Prima della Seconda Guerra Mondiale
George Kadish nacque a Raseiniai, in Lituania, nel 1910. Il suo nome originale era Zvi (Hirsh) Kadushin. Dopo aver frequentato la scuola ebraica locale, si trasferì a Kovno con la sua famiglia. Studiò ingegneria all’Università di Aleksotas, in un sobborgo di Kovno, preparandosi a una carriera di insegnante. Inoltre, si unì al movimento sionista di destra Betar. Negli anni precedenti alla guerra, insegnò matematica, scienze ed elettronica in una scuola superiore ebraica locale.

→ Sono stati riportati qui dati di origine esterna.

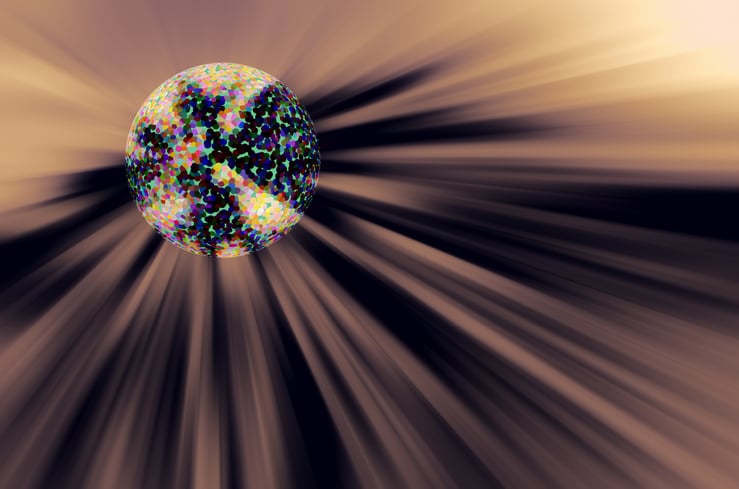 Multicolored pointillist world in formation -- or transformation -- near the source of a massive starburst with radial blur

Tuttavia, furono i suoi interessi amatoriali ad avere poi l’impatto più significativo sulla sua vita e su quella di altre persone. Iniziò a sviluppare un interesse per la fotografia e cominciò a costruire le sue fotocamere, tra cui una progettata per essere utilizzata agganciata alla cintura dei pantaloni.
Vita nel ghetto di Kovno
Il ghetto di Kovno era composto da due aree, chiamate rispettivamente ghetto “piccolo” e ghetto “grande” e separate da Via Paneriu. Ogni ghetto era recintato con filo spinato e sorvegliato attentamente. Entrambi i ghetti erano sovraffollati e ogni persona aveva a disposizione meno di 1 metro quadrato di spazio. I tedeschi ridussero più volte le dimensioni del ghetto, obbligando gli ebrei a traslocare diverse volte. I tedeschi distrussero il ghetto piccolo il 4 ottobre 1941 e uccisero quasi tutti i suoi abitanti a Ninth Fort. Più tardi, il 29 ottobre 1941, i tedeschi organizzarono l’operazione che diventò famosa come la “Grande azione”. In un solo giorno, fucilarono 9.200 ebrei a Ninth Fort.

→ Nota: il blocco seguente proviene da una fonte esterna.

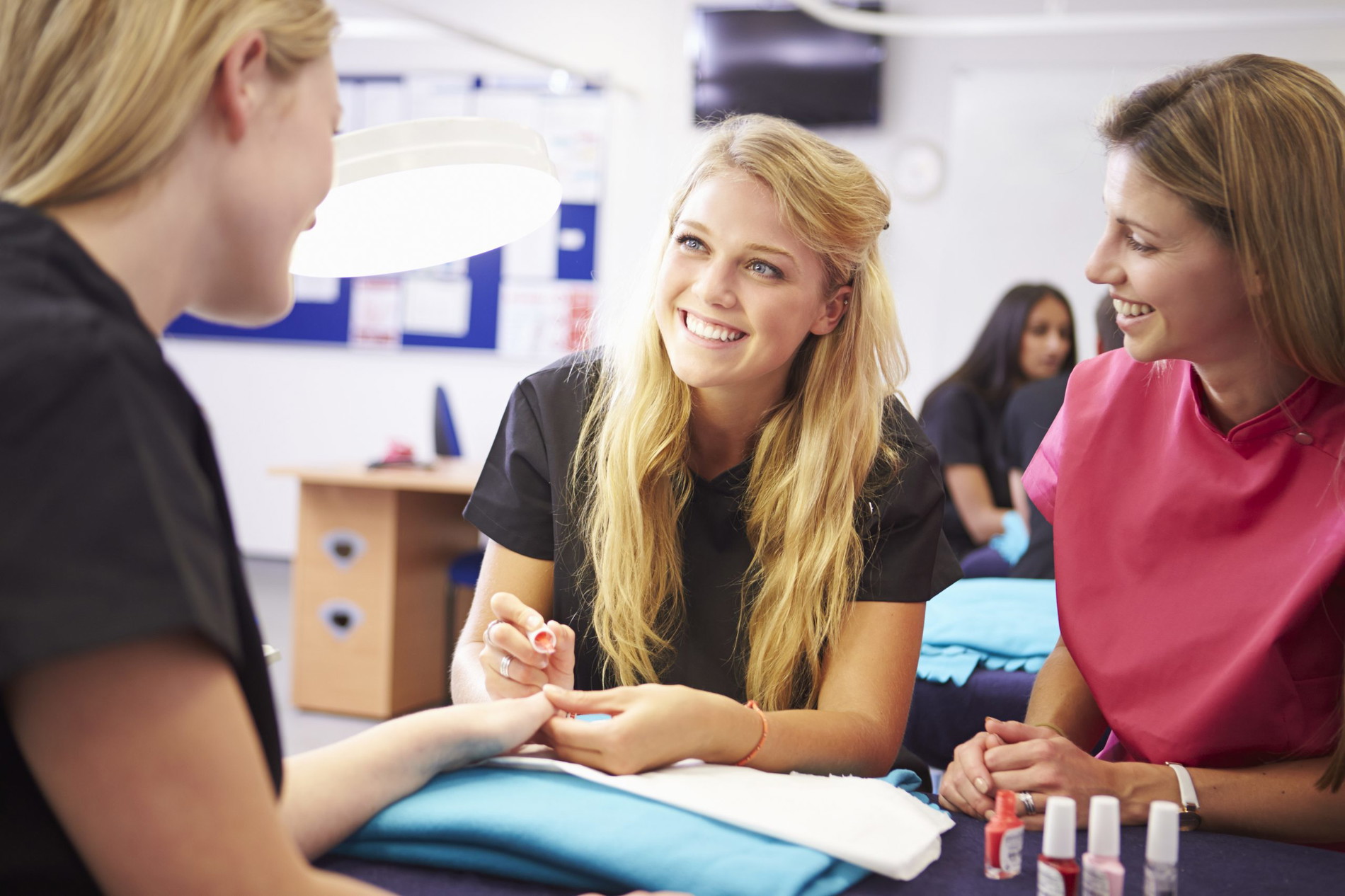 Teacher Helping Students Training To Become Beauticians Painting Nails Smiling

Kadish fece il possibile per documentare la vita quotidiana nel ghetto di Kovno e, dopo la sua fuga nel 1944, gli ultimi giorni del ghetto. Il risultato costituisce uno dei più importanti archivi fotografici della vita nel ghetto durante l’Olocausto. Fotografare la vita nel ghetto di Kovno era estremamente rischioso. I tedeschi lo avevano severamente proibito e, come per ogni azione ribelle, non esitavano a uccidere i trasgressori.

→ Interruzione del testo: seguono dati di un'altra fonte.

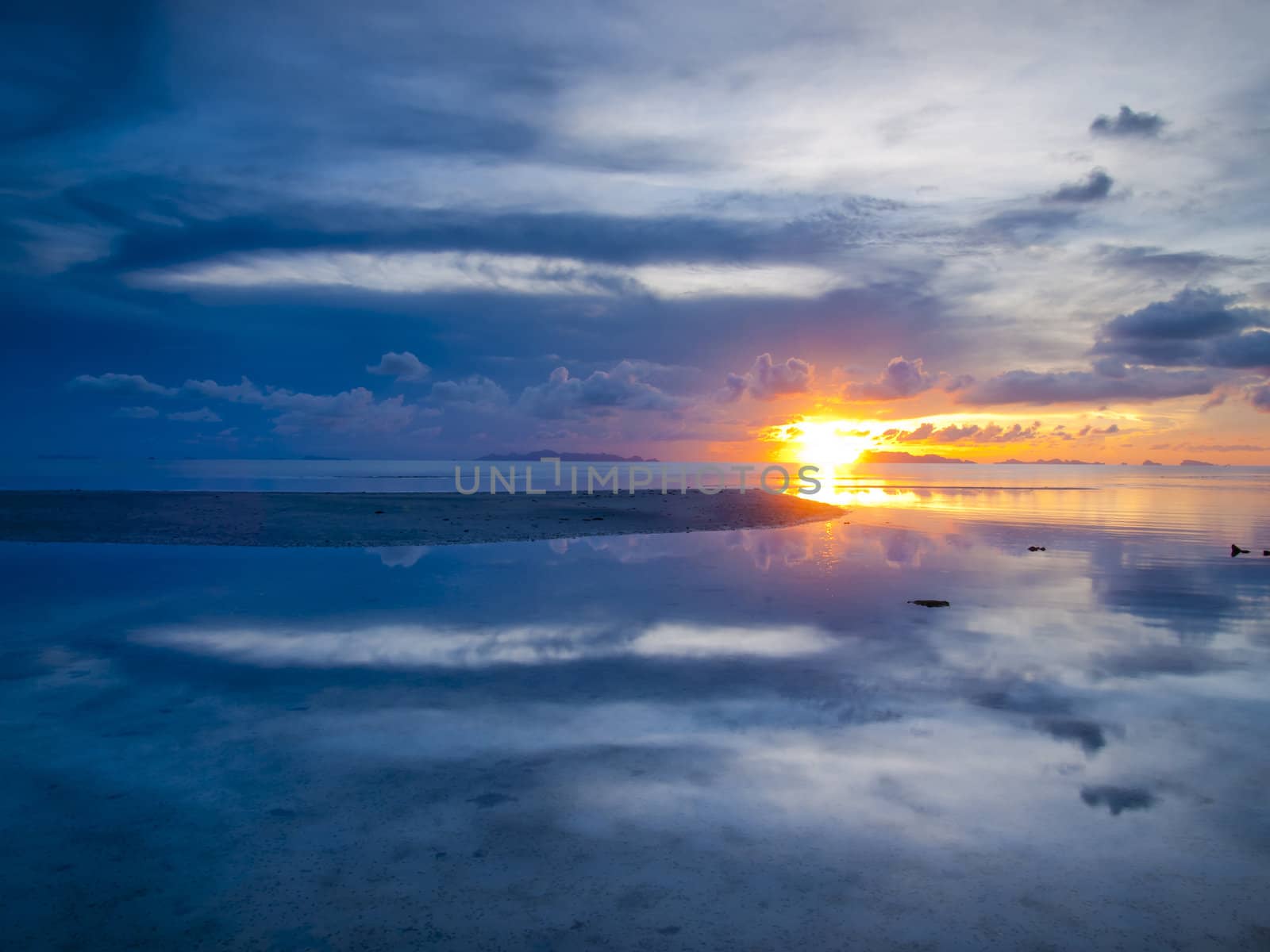 The sun sets over beach with beautiful reflection by jakgree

Acquisire e sviluppare foto segretamente e al di fuori del ghetto era pericoloso tanto quanto usare fotocamere nascoste all’interno del ghetto. Kadish ricevette l’ordine di lavorare come ingegnere alla riparazione della macchine per radiografie dalle forze tedesche che occupavano la città di Kovno. Una volta in città, scoprì modi di barattare pellicola fotografica e altro materiale. Kadish sviluppava i suoi negativi presso l’ospedale militare tedesco, usando gli stessi reagenti chimici che usava per sviluppare la pellicola delle radiografie, e li portava poi via nascosti dentro stampelle.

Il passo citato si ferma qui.